Myth # 9: My attorney can and should act as the Qualified Intermediary.
The Correct Answer: The IRS Regulations refer to those parties that cannot act as the Qualified Intermediary as “disqualified persons.” Well then, who is a “disqualified person?” Disqualified people are agents of the taxpayer or a related party to the taxpayer.

Examples of “disqualified persons” are the taxpayer’s agent or real estate agent at the time of the transaction; family members, including ancestors, descendants, and siblings.
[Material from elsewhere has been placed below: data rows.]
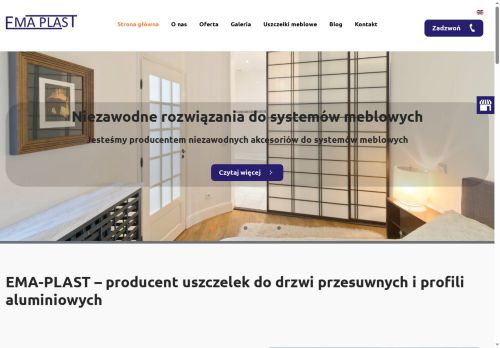 emaplast.com.pl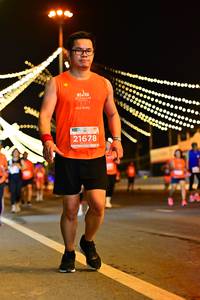 BIB: 21678
                            <button type="button" onclick="openModal(15799981)" class="btn btn-primary btn-sm float-right btn-popup" data-toggle="modal" data-target=".modal-high-quality">
                        <i class="fas fa-shopping-cart"></i> Add to Cart
                    </button>
                                            <button type="button" onclick="isThisMe(15799981, true)" class="btn btn-success btn-sm float-right btn-popup btn-isme hidden" data-toggle="tooltip" data-placement="bottom" title="นี่คือรูปของคุณใช่ไหม คลิกที่นี่เพื่อเอาเข้าอัลบั้ม">
                        <i class="fas fa-plus"></i> Add to album
                    </button>
                    <button type="button" onclick="isThisMe(15799981, false)" class="btn btn-warning btn-sm float-right btn-popup btn-isnotme hidden">
                        <i class="fas fa-ban"></i> Remove from album
                    </button>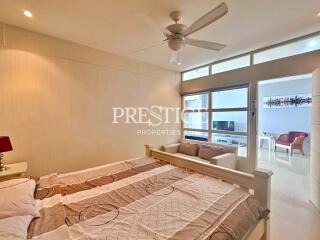 View Talay 6 – 2 bed 1 bath in Central Pattaya PP10530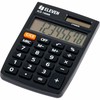 Eleven SLD-100NR pocket skaičiuotuvas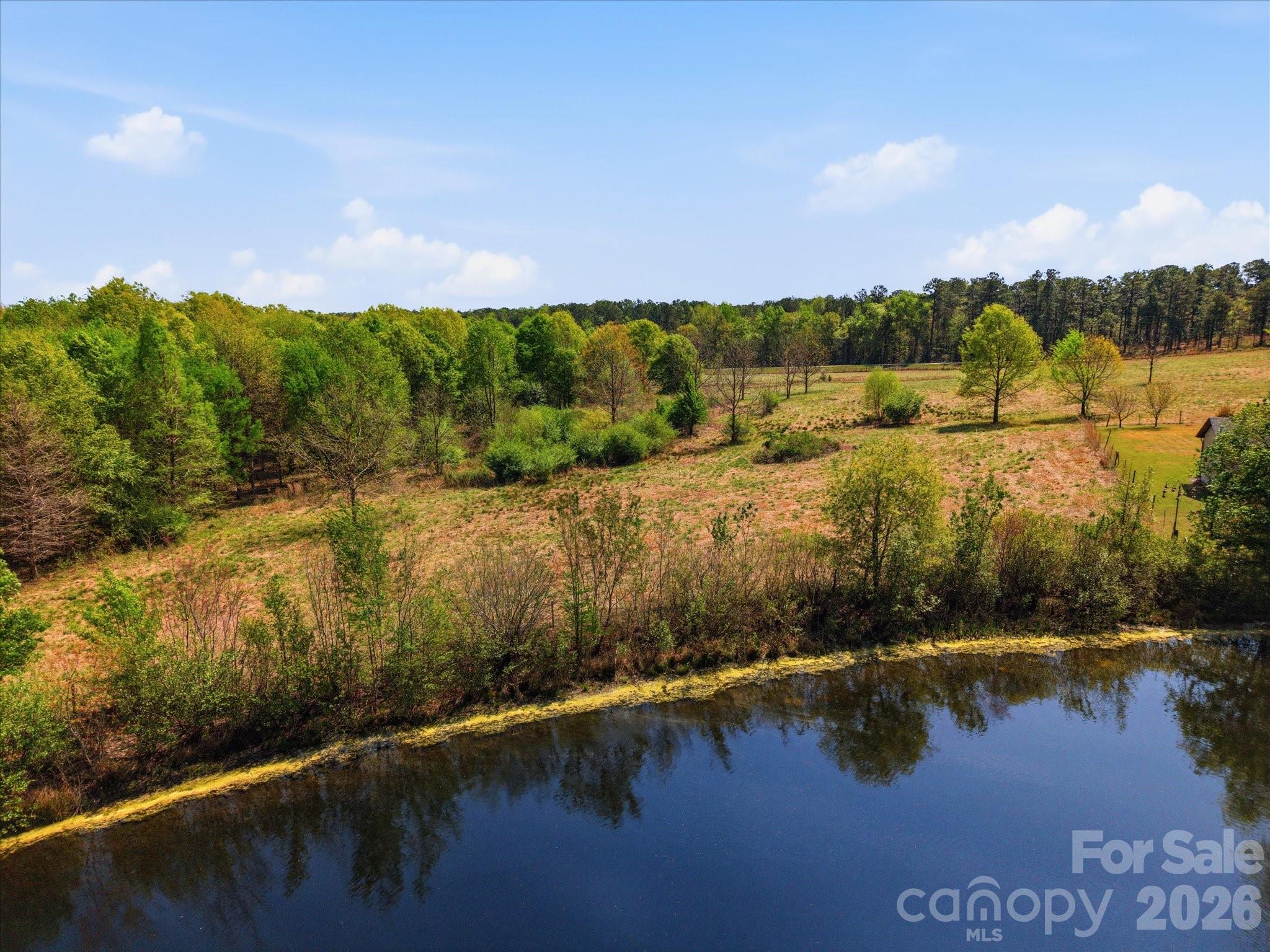 52 McMillan Road Cheraw, SC 29520 - Photo 32 of 46 Gallery Image 32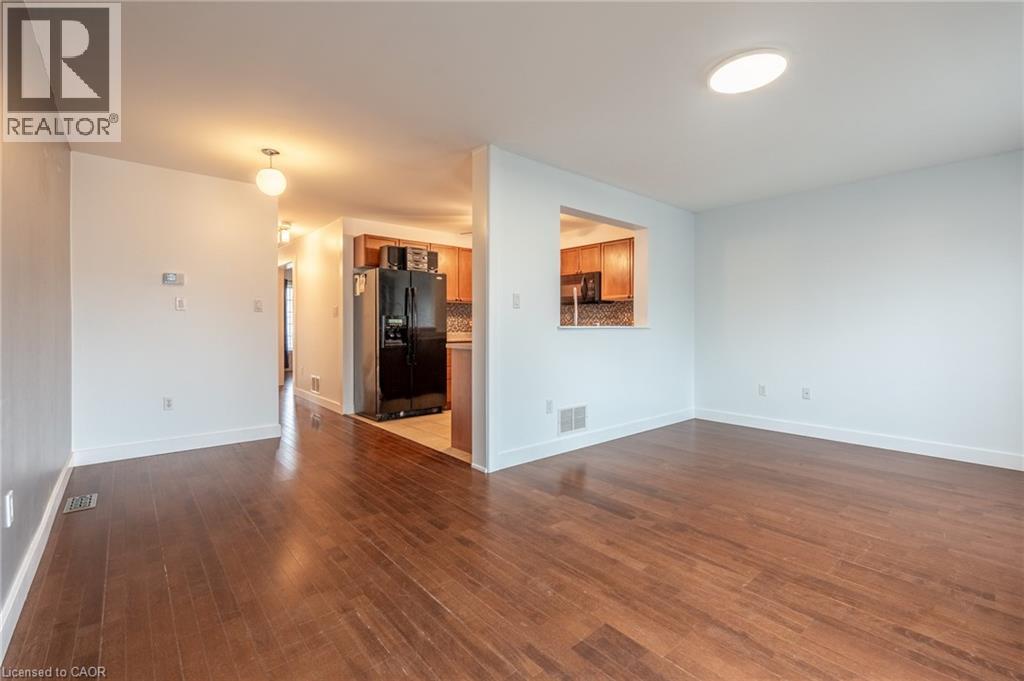 578 1/2 BARNABY Street - 24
Additional “disqualified persons” are corporations in which the taxpayer owns more than 10% of the stock of the corporation; Trusts in which the taxpayer is both the fiduciary and beneficiary or fiduciary and grantor; or Partnerships in which the taxpayer owns more than 10% of the partnership, etc.

I know you are asking yourself, “OK, what is an agent?” The IRS Regulations define an agent for disqualification purposes as anyone who may have acted as the taxpayer’s employee, attorney, accountant, investment banker, broker, or real estate agent within the two-year period of the sale of the relinquished property.

Affiliated 1031, LLC always recommends that the taxpayer should consult their tax and/or legal counsel on all matters dealing with the Internal Revenue Service.

I personally look forward to working with you on your next Section 1031 exchange. To answer any of your questions or to open a Section 1031 transaction, please contact Stephen A. Wayner, Esq. CES at our toll-free telephone number: 877 – (USE) 873-1031 or at info@affiliated1031.com.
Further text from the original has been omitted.